Copying Avro-serialized topic data between clusters

Hi Kafkateers!

I need to copy data from Topic A in Cluster 1 to Topic B in Cluster 2.
Topic A key is a string and value is Avro serialized.

So, I am currently doing the copying in three-step operation.

Step 1. Download topic value schema to a file

curl -Ss --cert $KAFKA_KEY_LOCATION:$KAFKA_KEY_PASSPHRASE \
-X GET https://$KAFKA_API_KEY:$KAFKA_API_SECRET@$KAFKA_SCHEMA_REGISTRY_HOST:$KAFKA_SCHEMA_REGISTRY_PORT/subjects/my-topic-value/versions/latest/schema \
> ./my-topic-value-schema.json

Step 2. Download topic messages to a file

./bin/kafka-avro-console-consumer \
--bootstrap-server $KAFKA_BROKER_HOST:$KAFKA_BROKER_PORT \
--topic my-topic \
--property print.key=true \
--property print.value=true \
--property key.separator=":" \
--key-deserializer "org.apache.kafka.common.serialization.StringDeserializer" \
--value-deserializer "io.confluent.kafka.serializers.KafkaAvroDeserializer" \
--property schema.registry.url=https://$KAFKA_SCHEMA_REGISTRY_HOST:$KAFKA_SCHEMA_REGISTRY_PORT \
--property schema.registry.basic.auth.user.info="$KAFKA_API_KEY:$KAFKA_API_SECRET" \
--property basic.auth.credentials.source=USER_INFO \
--consumer-property security.protocol=SASL_SSL \
--consumer-property sasl.mechanism=PLAIN \
--consumer-property sasl.jaas.config="org.apache.kafka.common.security.plain.PlainLoginModule required username=\"$KAFKA_API_KEY\" password=\"$KAFKA_API_SECRET\";" \
--consumer-property ssl.truststore.location=$KAFKA_TRUSTSTORE_LOCATION \
--consumer-property ssl.truststore.password=$KAFKA_TRUSTSTORE_PASSPHRASE \
--consumer-property ssl.keystore.location=$KAFKA_KEYSTORE_LOCATION \
--consumer-property ssl.keystore.password=$KAFKA_KEYSTORE_PASSPHRASE \
--consumer-property ssl.key.password=$KAFKA_KEY_PASSPHRASE \
--consumer-property ssl.truststore.type=JKS \
--consumer-property ssl.keystore.type=JKS \
--from-beginning \
--timeout-ms 20000 \
> ./my-topic-data.json

Step 3. Upload the source data to the destination topic in local sandbox environment

./bin/kafka-avro-console-producer \
--bootstrap-server localhost:9092 \
--topic my-topic-copy \
--property schema.registry.url=http://localhost:8081 \
--property key.serializer="org.apache.kafka.common.serialization.StringSerializer" \
--property value.schema.file=./my-topic-value-schema.json \
--property parse.key=true \
--property key.separator=":" \
< ./my-topic-data.json

And this approach works perfectly for the topics, schema of which didn’t change through time.
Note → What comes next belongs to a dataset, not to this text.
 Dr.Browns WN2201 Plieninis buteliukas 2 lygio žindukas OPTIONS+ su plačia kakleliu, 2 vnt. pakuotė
But unfortunately it’s not the case for me now.

This means, that the topic value has several version of the schema, hence there are messages, which do not comply with the latest schema version.
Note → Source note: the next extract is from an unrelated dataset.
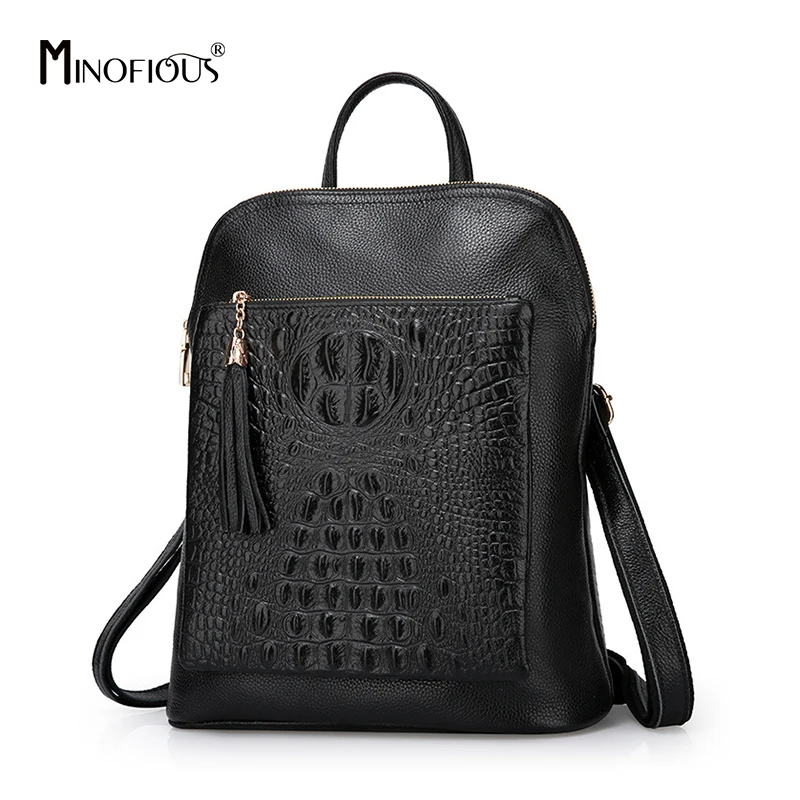 

MINOFIOUS Genuine Leather Women Backpack Crocodile Leather Backpack Female Real Leather Solid School Bag Fashion Casual Bag Pack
This leads to an error of course, that when I am trying to write the messages to my destination topic, the producer console crashes on the old messages.

Do you know how to properly overcome this situation? Is there a way to consume only the messages with a particular schema version? Or are there maybe better options?

So no ideas at all?

Probably there are better CLI options to do the job?